What to produce. Please quote exactly the opening lines of the data, from the first line to the one where "CHARCOAL BLACK LEHENGA CHOLI" appears.

(Beginning of Data for processing)

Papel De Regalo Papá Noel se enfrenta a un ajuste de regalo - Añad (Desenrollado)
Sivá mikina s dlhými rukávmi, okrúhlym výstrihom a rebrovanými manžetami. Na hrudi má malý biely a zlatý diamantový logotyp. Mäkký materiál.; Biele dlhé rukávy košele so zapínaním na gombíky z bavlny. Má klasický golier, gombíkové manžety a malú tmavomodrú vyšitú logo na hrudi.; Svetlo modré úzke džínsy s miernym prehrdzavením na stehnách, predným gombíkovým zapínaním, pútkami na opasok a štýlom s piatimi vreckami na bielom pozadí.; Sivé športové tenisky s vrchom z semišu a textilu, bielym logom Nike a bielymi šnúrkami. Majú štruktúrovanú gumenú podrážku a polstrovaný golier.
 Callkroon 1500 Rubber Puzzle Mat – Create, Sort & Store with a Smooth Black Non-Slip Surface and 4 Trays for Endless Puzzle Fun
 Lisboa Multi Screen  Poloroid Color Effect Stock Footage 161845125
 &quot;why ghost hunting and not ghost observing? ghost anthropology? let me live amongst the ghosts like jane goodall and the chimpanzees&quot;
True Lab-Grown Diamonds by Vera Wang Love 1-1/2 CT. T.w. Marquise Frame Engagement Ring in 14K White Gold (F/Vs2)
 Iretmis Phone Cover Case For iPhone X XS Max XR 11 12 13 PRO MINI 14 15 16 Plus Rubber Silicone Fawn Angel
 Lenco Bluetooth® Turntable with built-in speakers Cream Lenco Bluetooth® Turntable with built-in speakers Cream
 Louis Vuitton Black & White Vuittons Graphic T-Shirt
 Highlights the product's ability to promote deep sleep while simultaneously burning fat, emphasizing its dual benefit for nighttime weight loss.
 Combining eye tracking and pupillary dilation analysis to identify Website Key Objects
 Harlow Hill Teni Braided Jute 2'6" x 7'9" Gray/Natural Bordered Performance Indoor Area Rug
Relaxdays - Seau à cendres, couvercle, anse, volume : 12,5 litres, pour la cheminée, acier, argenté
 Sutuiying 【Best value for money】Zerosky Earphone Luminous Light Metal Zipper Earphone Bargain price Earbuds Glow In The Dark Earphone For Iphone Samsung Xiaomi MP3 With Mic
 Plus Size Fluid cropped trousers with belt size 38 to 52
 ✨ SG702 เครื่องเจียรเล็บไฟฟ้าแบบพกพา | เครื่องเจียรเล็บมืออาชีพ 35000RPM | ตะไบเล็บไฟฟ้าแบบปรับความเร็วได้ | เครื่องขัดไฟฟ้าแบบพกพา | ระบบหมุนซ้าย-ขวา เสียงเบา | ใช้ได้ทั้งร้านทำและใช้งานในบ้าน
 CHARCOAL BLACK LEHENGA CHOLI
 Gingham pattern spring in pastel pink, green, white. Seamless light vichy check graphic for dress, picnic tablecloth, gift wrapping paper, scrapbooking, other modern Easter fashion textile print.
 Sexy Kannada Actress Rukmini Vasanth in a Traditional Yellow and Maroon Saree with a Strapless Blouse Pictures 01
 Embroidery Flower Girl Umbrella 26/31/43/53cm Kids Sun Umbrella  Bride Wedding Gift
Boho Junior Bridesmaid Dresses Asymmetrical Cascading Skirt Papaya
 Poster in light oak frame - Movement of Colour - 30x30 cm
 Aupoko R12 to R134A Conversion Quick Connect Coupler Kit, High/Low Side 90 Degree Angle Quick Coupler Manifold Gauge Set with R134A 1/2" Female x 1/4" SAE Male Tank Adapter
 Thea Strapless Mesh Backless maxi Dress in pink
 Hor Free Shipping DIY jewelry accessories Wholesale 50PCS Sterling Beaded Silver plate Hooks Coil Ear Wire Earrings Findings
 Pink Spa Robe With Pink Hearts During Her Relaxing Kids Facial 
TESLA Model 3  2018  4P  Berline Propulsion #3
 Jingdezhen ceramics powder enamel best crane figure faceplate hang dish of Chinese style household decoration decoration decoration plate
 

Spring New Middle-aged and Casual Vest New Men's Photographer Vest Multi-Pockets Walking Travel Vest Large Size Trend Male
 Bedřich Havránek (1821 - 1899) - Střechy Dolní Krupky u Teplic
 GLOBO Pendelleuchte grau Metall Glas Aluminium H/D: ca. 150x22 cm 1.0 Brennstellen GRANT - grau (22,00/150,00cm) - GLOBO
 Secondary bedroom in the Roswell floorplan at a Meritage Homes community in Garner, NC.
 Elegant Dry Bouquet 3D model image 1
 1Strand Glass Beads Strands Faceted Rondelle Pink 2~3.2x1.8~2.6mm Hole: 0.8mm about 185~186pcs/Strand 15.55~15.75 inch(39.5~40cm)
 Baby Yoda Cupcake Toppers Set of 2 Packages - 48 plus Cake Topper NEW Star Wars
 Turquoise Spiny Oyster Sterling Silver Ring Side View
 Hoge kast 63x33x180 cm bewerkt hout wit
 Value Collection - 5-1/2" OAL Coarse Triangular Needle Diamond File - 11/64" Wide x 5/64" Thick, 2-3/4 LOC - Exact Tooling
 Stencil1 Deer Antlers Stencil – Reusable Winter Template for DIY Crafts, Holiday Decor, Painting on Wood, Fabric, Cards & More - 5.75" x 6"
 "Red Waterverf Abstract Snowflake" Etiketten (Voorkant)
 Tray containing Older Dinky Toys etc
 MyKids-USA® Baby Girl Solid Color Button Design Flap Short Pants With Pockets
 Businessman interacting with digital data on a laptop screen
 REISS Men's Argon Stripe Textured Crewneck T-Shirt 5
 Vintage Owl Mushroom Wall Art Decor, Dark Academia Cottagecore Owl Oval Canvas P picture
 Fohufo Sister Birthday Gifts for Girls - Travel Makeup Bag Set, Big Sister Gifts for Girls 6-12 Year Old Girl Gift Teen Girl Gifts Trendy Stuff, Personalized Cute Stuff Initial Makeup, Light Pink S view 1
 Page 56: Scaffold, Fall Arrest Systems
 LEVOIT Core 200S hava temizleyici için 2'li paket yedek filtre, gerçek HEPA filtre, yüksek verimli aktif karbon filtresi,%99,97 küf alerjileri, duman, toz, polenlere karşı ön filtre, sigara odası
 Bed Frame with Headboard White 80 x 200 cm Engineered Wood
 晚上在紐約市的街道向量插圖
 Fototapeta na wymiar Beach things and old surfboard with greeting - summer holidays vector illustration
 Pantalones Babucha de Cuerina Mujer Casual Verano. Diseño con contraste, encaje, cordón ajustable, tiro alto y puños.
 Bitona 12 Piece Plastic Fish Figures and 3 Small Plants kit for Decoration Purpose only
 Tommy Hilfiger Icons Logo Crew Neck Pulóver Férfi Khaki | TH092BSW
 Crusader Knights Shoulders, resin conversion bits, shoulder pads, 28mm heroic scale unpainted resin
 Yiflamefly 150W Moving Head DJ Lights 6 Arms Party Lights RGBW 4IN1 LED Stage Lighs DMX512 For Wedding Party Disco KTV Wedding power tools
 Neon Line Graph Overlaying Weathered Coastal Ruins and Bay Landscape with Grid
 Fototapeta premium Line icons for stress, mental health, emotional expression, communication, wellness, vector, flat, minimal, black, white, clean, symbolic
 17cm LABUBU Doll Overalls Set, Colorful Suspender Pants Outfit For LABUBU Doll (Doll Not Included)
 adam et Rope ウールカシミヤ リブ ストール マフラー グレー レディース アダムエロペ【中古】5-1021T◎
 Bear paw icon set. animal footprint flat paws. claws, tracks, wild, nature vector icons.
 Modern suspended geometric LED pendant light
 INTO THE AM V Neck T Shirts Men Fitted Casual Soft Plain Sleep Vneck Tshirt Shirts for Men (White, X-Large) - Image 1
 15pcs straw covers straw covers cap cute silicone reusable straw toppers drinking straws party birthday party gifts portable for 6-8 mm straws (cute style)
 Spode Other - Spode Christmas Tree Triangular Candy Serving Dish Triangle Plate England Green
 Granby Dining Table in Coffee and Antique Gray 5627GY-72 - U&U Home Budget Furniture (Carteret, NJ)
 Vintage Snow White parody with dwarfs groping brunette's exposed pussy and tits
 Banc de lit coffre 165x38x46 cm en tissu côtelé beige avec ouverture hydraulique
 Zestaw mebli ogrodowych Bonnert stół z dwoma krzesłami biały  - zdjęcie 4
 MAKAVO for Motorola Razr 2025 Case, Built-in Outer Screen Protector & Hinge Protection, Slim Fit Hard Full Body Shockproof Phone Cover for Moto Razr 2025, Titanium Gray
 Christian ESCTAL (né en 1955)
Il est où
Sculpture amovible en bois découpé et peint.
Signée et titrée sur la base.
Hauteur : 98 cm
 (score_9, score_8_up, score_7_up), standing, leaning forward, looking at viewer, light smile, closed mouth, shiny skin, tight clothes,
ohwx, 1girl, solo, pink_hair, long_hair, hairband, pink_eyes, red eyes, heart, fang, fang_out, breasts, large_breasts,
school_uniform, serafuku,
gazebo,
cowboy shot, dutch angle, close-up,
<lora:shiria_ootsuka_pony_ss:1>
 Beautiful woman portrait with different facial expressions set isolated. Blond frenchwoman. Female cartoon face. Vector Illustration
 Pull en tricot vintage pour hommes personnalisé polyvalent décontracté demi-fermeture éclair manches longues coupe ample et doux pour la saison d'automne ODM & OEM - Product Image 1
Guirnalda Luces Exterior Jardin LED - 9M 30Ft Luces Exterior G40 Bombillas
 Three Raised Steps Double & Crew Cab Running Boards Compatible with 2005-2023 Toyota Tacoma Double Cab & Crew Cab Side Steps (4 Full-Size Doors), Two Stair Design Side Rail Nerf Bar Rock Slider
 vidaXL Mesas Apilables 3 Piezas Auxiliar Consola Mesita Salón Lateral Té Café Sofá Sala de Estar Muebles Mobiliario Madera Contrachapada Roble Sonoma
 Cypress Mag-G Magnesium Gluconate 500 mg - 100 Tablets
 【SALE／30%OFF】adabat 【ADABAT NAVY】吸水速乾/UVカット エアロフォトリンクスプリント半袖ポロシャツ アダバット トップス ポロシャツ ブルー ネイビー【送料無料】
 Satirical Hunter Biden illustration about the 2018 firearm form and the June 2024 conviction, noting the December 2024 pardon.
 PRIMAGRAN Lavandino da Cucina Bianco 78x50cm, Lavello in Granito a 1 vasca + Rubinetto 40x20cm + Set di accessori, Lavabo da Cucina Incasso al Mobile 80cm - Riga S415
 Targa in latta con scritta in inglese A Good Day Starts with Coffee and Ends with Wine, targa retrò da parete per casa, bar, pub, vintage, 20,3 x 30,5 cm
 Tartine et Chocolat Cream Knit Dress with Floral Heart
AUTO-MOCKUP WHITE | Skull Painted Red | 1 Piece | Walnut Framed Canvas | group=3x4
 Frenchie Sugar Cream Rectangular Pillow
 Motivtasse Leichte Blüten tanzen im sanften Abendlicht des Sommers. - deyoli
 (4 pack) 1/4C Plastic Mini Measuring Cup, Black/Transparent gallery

(End of Data for processing)

Solution to this problem.
Papel De Regalo Papá Noel se enfrenta a un ajuste de regalo - Añad (Desenrollado)
Sivá mikina s dlhými rukávmi, okrúhlym výstrihom a rebrovanými manžetami. Na hrudi má malý biely a zlatý diamantový logotyp. Mäkký materiál.; Biele dlhé rukávy košele so zapínaním na gombíky z bavlny. Má klasický golier, gombíkové manžety a malú tmavomodrú vyšitú logo na hrudi.; Svetlo modré úzke džínsy s miernym prehrdzavením na stehnách, predným gombíkovým zapínaním, pútkami na opasok a štýlom s piatimi vreckami na bielom pozadí.; Sivé športové tenisky s vrchom z semišu a textilu, bielym logom Nike a bielymi šnúrkami. Majú štruktúrovanú gumenú podrážku a polstrovaný golier.
 Callkroon 1500 Rubber Puzzle Mat – Create, Sort & Store with a Smooth Black Non-Slip Surface and 4 Trays for Endless Puzzle Fun
 Lisboa Multi Screen  Poloroid Color Effect Stock Footage 161845125
 &quot;why ghost hunting and not ghost observing? ghost anthropology? let me live amongst the ghosts like jane goodall and the chimpanzees&quot;
True Lab-Grown Diamonds by Vera Wang Love 1-1/2 CT. T.w. Marquise Frame Engagement Ring in 14K White Gold (F/Vs2)
 Iretmis Phone Cover Case For iPhone X XS Max XR 11 12 13 PRO MINI 14 15 16 Plus Rubber Silicone Fawn Angel
 Lenco Bluetooth® Turntable with built-in speakers Cream Lenco Bluetooth® Turntable with built-in speakers Cream
 Louis Vuitton Black & White Vuittons Graphic T-Shirt
 Highlights the product's ability to promote deep sleep while simultaneously burning fat, emphasizing its dual benefit for nighttime weight loss.
 Combining eye tracking and pupillary dilation analysis to identify Website Key Objects
 Harlow Hill Teni Braided Jute 2'6" x 7'9" Gray/Natural Bordered Performance Indoor Area Rug
Relaxdays - Seau à cendres, couvercle, anse, volume : 12,5 litres, pour la cheminée, acier, argenté
 Sutuiying 【Best value for money】Zerosky Earphone Luminous Light Metal Zipper Earphone Bargain price Earbuds Glow In The Dark Earphone For Iphone Samsung Xiaomi MP3 With Mic
 Plus Size Fluid cropped trousers with belt size 38 to 52
 ✨ SG702 เครื่องเจียรเล็บไฟฟ้าแบบพกพา | เครื่องเจียรเล็บมืออาชีพ 35000RPM | ตะไบเล็บไฟฟ้าแบบปรับความเร็วได้ | เครื่องขัดไฟฟ้าแบบพกพา | ระบบหมุนซ้าย-ขวา เสียงเบา | ใช้ได้ทั้งร้านทำและใช้งานในบ้าน
 CHARCOAL BLACK LEHENGA CHOLI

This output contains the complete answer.